Role of B-cells in Mycosis Fungoides
Pia Rude Nielsen, Jens Ole Eriksen, Mia Dahl Sørensen, Ulrike Wehkamp, Lise M. Lindahl, Michael Bzorek, Lars Iversen, Anders Woetman, Niels Ødum, Thomas Litman, Lise Mette Rahbek Gjerdrum
DOI: 10.2340/00015555-3775
Abstract
Mycosis fungoides is the most common type of cutaneous T-cell lymphoma. The inflammatory microenvironment in mycosis fungoides is complex. There is accumulating evidence that the neoplastic T-cells take control of the microenvironment and thereby promote their own expansion by suppressing cellular immunity.

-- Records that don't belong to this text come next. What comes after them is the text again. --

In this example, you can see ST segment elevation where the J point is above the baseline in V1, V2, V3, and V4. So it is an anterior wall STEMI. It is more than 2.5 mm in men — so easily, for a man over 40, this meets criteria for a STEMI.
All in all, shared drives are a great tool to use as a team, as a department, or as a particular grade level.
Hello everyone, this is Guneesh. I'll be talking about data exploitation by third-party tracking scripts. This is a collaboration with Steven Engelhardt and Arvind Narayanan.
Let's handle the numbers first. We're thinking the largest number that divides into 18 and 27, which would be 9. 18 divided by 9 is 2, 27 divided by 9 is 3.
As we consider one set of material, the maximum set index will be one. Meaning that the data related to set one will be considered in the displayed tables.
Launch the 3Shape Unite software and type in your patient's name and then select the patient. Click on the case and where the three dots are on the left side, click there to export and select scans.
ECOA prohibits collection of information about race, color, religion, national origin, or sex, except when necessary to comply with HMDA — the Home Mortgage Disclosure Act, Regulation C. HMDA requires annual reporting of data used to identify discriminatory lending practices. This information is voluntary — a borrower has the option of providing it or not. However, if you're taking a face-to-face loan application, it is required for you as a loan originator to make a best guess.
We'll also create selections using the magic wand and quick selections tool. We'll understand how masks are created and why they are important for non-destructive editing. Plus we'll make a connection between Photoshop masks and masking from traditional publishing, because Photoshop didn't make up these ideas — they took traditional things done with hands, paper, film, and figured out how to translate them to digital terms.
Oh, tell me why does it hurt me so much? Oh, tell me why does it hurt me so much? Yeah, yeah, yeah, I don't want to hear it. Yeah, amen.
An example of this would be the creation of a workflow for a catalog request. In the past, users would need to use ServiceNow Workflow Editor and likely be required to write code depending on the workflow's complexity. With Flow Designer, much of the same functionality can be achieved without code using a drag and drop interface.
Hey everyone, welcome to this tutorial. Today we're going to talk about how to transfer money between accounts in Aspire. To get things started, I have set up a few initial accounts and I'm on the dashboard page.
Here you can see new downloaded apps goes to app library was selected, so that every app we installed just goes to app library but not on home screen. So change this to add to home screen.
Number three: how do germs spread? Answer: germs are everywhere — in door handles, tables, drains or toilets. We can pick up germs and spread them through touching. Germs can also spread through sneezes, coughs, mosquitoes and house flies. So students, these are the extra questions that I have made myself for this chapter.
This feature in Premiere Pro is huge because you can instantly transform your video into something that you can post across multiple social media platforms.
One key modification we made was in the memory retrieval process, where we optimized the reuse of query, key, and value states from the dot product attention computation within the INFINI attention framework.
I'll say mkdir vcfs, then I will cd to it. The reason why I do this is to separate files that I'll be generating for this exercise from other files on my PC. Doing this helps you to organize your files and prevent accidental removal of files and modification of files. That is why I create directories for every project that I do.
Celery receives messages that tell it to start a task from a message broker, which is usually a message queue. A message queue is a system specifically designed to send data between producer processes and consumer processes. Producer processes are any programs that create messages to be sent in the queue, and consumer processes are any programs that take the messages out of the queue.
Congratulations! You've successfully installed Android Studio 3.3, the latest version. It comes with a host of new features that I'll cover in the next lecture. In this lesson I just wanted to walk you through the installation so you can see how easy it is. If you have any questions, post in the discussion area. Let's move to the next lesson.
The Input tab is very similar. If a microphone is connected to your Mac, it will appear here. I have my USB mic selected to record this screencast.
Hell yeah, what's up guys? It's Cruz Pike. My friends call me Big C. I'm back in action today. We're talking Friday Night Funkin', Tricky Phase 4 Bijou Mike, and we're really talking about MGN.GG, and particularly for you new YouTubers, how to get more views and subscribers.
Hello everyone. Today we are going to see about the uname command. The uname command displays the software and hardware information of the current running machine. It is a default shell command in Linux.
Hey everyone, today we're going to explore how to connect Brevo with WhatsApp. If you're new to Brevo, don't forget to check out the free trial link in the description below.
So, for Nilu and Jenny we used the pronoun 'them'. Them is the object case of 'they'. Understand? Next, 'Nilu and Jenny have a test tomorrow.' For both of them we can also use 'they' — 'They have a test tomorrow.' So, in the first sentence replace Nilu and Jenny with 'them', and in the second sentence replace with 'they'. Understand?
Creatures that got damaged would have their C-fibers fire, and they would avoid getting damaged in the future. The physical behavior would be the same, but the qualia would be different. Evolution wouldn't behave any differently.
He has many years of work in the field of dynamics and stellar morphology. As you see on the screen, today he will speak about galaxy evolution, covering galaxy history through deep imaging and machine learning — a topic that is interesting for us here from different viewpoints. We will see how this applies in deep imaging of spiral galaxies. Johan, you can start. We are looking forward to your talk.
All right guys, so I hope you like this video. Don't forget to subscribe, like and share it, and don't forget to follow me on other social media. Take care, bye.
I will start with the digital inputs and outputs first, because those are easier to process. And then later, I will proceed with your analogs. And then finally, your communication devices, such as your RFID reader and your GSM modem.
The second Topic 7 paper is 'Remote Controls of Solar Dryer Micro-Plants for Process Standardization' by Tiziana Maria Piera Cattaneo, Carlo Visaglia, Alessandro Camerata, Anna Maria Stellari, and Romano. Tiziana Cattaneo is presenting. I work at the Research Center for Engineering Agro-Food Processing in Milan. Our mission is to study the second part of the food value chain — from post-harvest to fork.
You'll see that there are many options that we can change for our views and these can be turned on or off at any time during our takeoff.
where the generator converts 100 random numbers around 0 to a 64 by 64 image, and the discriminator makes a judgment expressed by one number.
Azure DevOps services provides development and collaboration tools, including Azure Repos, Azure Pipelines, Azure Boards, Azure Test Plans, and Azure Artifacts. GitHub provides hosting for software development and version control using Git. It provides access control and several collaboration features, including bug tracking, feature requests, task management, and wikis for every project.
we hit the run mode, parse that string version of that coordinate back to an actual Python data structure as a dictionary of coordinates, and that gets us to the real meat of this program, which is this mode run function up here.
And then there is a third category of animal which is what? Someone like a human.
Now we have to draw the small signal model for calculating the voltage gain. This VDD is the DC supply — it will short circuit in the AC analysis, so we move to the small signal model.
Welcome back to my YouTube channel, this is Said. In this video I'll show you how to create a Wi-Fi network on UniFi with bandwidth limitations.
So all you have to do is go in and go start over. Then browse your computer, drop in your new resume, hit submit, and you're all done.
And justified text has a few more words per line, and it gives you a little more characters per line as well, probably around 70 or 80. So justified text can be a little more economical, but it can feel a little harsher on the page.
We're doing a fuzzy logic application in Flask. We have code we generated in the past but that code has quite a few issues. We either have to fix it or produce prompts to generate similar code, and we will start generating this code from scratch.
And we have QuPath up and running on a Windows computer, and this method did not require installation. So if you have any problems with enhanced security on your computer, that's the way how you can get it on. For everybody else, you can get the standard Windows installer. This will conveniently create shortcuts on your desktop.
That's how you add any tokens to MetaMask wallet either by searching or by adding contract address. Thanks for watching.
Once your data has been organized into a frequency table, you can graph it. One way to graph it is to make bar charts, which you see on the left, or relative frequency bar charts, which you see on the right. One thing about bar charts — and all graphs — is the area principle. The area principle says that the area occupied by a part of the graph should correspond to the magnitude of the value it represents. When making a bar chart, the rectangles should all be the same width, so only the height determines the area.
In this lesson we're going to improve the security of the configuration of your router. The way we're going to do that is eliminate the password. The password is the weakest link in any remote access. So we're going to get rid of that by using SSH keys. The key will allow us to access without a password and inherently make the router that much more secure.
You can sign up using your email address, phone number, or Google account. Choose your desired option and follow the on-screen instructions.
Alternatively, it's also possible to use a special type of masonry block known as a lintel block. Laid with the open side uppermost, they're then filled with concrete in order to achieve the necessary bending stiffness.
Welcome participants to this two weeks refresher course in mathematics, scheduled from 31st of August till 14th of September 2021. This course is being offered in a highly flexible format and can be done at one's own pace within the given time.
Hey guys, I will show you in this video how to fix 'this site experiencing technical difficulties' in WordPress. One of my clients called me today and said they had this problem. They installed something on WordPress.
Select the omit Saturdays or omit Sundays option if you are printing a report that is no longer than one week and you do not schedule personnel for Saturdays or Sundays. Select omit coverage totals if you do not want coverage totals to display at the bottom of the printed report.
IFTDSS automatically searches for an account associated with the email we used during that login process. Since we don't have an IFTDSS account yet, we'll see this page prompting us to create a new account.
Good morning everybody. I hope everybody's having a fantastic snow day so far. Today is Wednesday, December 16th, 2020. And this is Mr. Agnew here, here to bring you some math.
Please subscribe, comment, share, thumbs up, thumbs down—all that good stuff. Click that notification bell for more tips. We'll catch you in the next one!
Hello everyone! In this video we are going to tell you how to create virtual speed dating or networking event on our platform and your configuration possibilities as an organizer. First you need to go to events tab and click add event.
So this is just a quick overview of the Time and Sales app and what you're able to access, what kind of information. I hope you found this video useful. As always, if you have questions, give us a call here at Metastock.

B-cells have proved to be upregulated in large-cell transformed mycosis fungoides, and could potentially play a role in disease progression. To investigate the presence of B-cells in mycosis fungoides compared with controls, this study analysed 85 formalin-fixed and paraffin-embedded mycosis fungoides biopsies. MS4A1 gene expression was significantly upregulated in mycosis fungoides compared with controls (p < 0.0001) and further upregulated in disease progression, (p = 0.001). Digital quantification of PAX5+/CD20+ cells confirmed the increased presence of B-cells in mycosis fungoides compared with controls. No co-labelling of CD3/CD20 was observed in the neoplastic T-cells. This study found a significantly increased presence of B-cells in the tumour-associated microenvironment in mycosis fungoides. These findings could potentially lead to new treatment strategies for mycosis fungoides.
Significance
The inflammatory microenvironment in mycosis fungoides is complex, and little is known about the presence of B-cells in this disease. This retrospective study examined 85 biopsies from patients with all stages of mycosis fungoides. MS4A1 gene expression was significantly upregulated in mycosis fungoides compared with controls, and further upregulated in disease progression. Digital quantification of double (PAX5/CD20)-stained slides confirmed the increased presence of B-cells in mycosis fungoides compared with controls. No aberrant CD20 expression was found in the neoplastic T cells. These findings could potentially promote new treatment strategies for mycosis fungoides.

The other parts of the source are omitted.